The purpose of the book is to teach how to use techniques of
kernel-mode programming that will provide control over certain aspects
of the FreeBSD (Berkeley Systems Distribution) operating system
without making such control apparent to the user. As a secondary aim,
the reader should also be able to consider recoding functions of the
operating system, as well as techniques for detecting and removing
Chapter one introduces the programming of Loadable Kernel Modules
(LKMs, which are also known as Dynamic Kernel Linkers or KLDs). C
code for short routines and system calls are listed, although the
explanations are extremely terse, and the reader would have to be well
familiar with system programming in order to understand the use and
access to these functions. Call hooking (or just "hooking"), the
redirection of calls to standard operations in order to modify system
behaviour, is the subject of chapter two. Kernel objects maintain
information about the operations underway in the computer, and
therefore direct manipulation of these structures, explained in
chapter three, is necessary to hide from attempts to detect unusual
processes. Since kernel objects also control program flow, chapter
four briefly demonstrates how to hook the structures. Chapter five
examines the type of programming necessary to directly patch code in
the kernel memory area.
Chapter six uses the various ideas discussed earlier to create a
rootkit for avoiding detection by change-detection style host-based
intrusion detection systems (HIDS), specifically Tripwire. Chapter
seven outlines (without code examples) techniques for detecting the
type of programming and activity described earlier in the book.

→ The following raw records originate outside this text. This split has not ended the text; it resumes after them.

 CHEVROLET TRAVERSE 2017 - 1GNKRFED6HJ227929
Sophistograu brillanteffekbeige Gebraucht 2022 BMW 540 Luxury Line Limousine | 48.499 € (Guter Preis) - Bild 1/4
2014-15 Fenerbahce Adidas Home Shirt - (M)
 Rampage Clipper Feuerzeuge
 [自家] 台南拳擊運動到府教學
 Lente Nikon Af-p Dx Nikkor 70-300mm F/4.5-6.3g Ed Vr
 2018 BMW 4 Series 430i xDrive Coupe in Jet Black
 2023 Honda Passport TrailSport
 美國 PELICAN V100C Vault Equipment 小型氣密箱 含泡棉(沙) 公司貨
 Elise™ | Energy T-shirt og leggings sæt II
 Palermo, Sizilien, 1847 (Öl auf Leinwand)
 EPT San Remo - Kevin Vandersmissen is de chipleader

In my opening sentence, I said that the volume's purpose was to teach
kernel-mode programming. That statement, and the preface, begs the
question of the intended audience. Actually, the book only addresses
specific functions: it certainly doesn't teach kernel-mode programming
as such. The reader will already have to know a fair mount of it in
order to apply the content of the tome. The text does seem to imply
that it is hoped whitehats will use it, but is the substance really
directed at protective measures?
The material in the book does provide a number of examples of kernel-
mode programming, and may act as a guide for those interested in
exploring the areas for which code is provided. Certain aspects of
the internals of the BSD operating systems are explained. However,
those interested in having in-depth examinations of the operating
system, or those wishing to know about detection of these types of
applications, may wish to look elsewhere.